By Clint Thompson
Max Runge, Extension specialist in agricultural economics and rural sociology at Auburn University, believes Alabama row crop farmers are feeling the pressure of delivering a profitable season. That, more than anything else, will impact what they produce this year.
“Ideally, we talk about this all the time, stick to your rotations and look for the long-term. A lot of farmers don’t have that option. They’ve got to make it this year,” Runge said. “There’s been tough financial situations in Ag the last few years. They’ve almost got to hit a home run to be able to survive this year.”
It’s hard to imagine a grand slam in cotton with cotton futures set at 56 cents on Friday. Alabama farmers are expected to decrease acres for this upcoming season. This will impact other row crops as well.

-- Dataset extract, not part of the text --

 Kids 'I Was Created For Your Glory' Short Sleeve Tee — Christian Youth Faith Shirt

“I think cotton prices may bounce up a little bit. I don’t think it’ll certainly be what it was in January when we were close to 70 cents,” Runge said. “The question comes, does some of those acres stay like they were or do we swap them. I think we may see a little increase in soybean acres, a few less cotton acres and peanuts probably steady to up just a little bit.”
According to USDA NASS, prospective acres of cotton are down 2% at 530,000 acres. Peanuts are estimated at 165,000 acres, up 3% from 2019. And, soybeans are projected at 260,000 acres, a 2% decrease from last year.

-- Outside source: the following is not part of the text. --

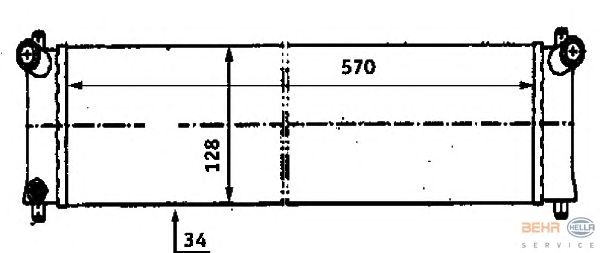 Радиатор, охлаждение двигателя HELLA 8MK 376 716-651
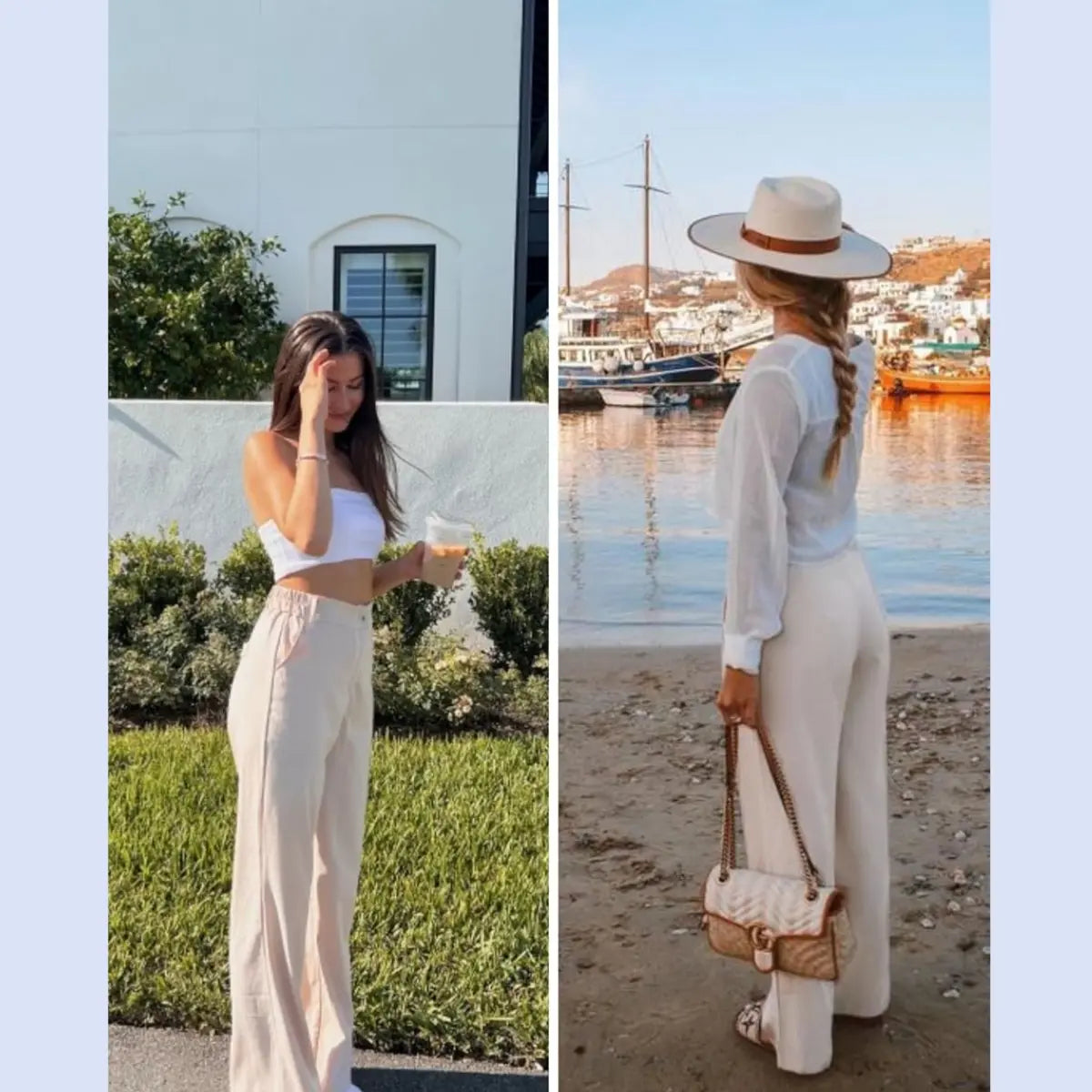 Womens Cotton Linen Pants Casual Wide Leg Summer Trousers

The current financial crunch did not squelch corn producers’ intentions. Corn is up 16% with an estimated acreage of 370,000 acres.
“As far as corn’s concerned, for the most part, I think that was pretty much already set in stone. We already started planting at the end of February and early March in South Alabama and moving forward. Even the guys in North Alabama probably had their seed ready,” Runge said.